Dataset content.
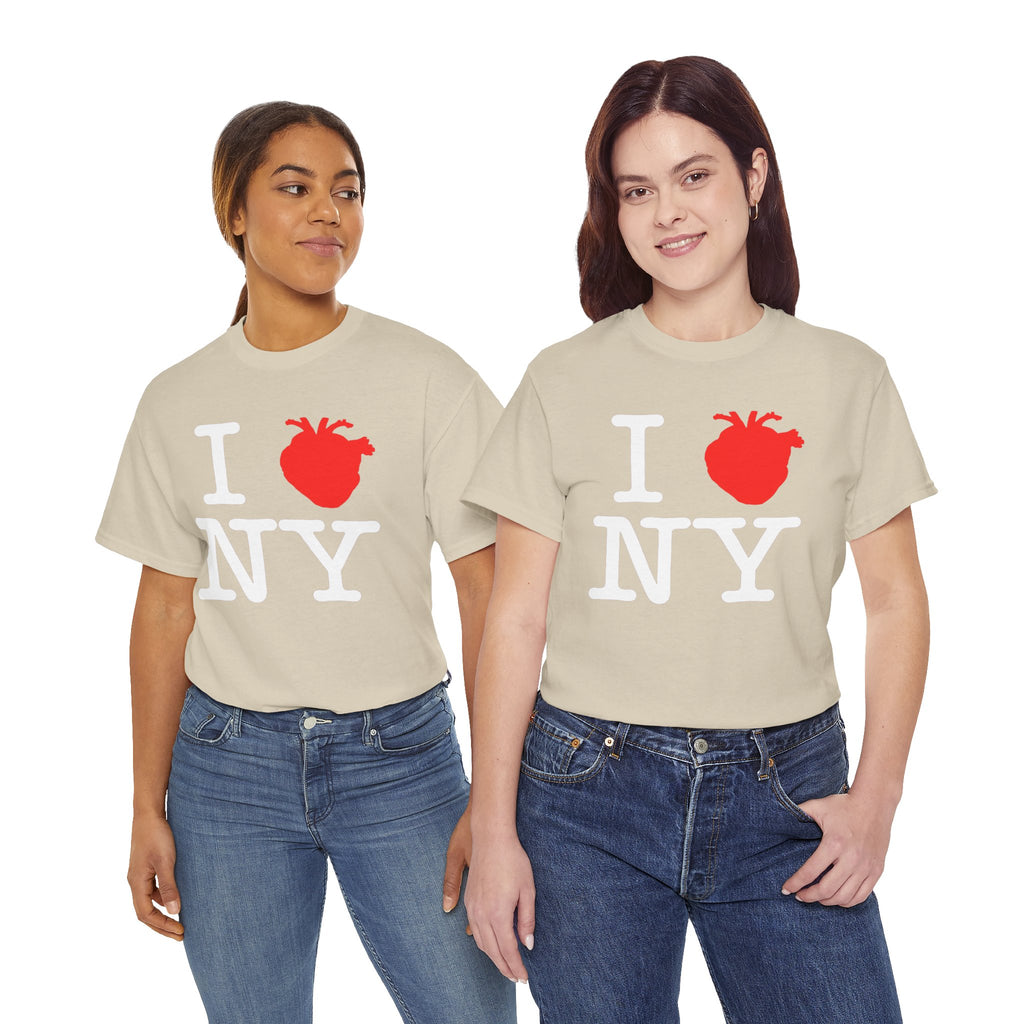 I  NY Anatomical Heart T‑Shirt — NYC Souvenir Tee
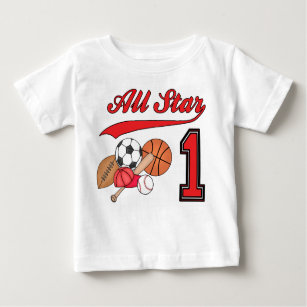 All Star Sports 1st Birthday Baby T-Shirt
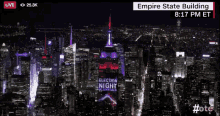 Empire State Live GIF - Cnn Election Day Empire State Night GIFs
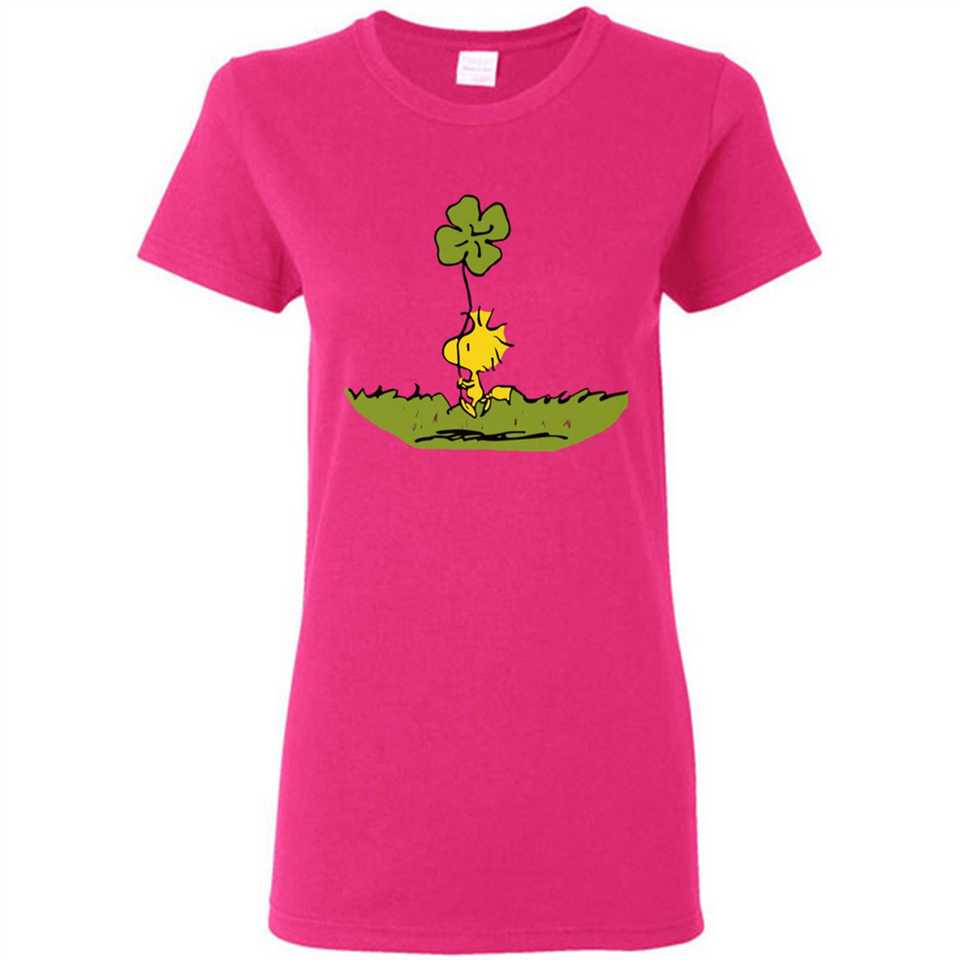 Snoopy Woodstock Shamrock - Ladies Short-Sleeve
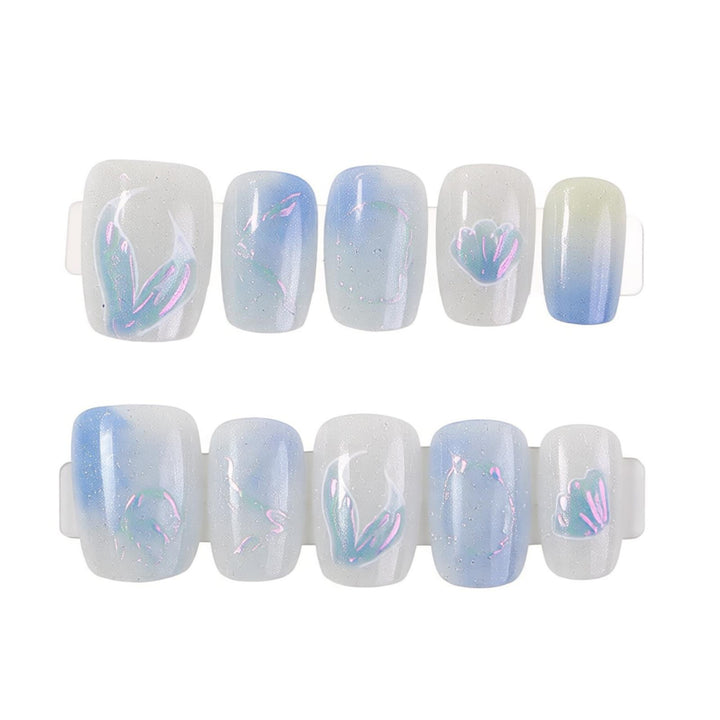 Elegantes Künstlerisches Press-On-Nagelset Karnz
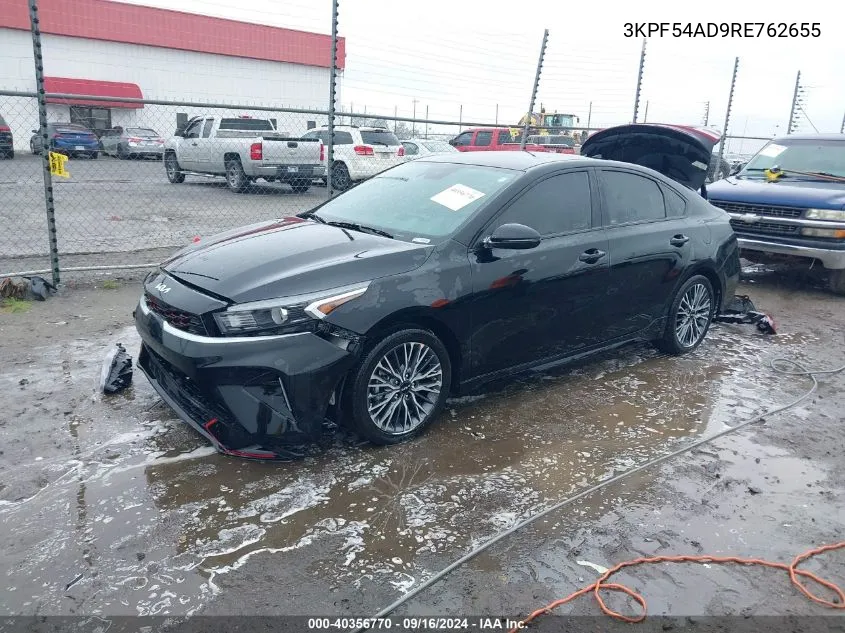 2024 Kia Forte Gt-Line VIN: 3KPF54AD9RE762655 Lot: 40356770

Brief.
I'd like every record printed exactly, with the pictures left out.

Reply to the exercise.
 I  NY Anatomical Heart T‑Shirt — NYC Souvenir Tee
 All Star Sports 1st Birthday Baby T-Shirt
 Empire State Live GIF - Cnn Election Day Empire State Night GIFs
 Snoopy Woodstock Shamrock - Ladies Short-Sleeve
 Elegantes Künstlerisches Press-On-Nagelset Karnz
 2024 Kia Forte Gt-Line VIN: 3KPF54AD9RE762655 Lot: 40356770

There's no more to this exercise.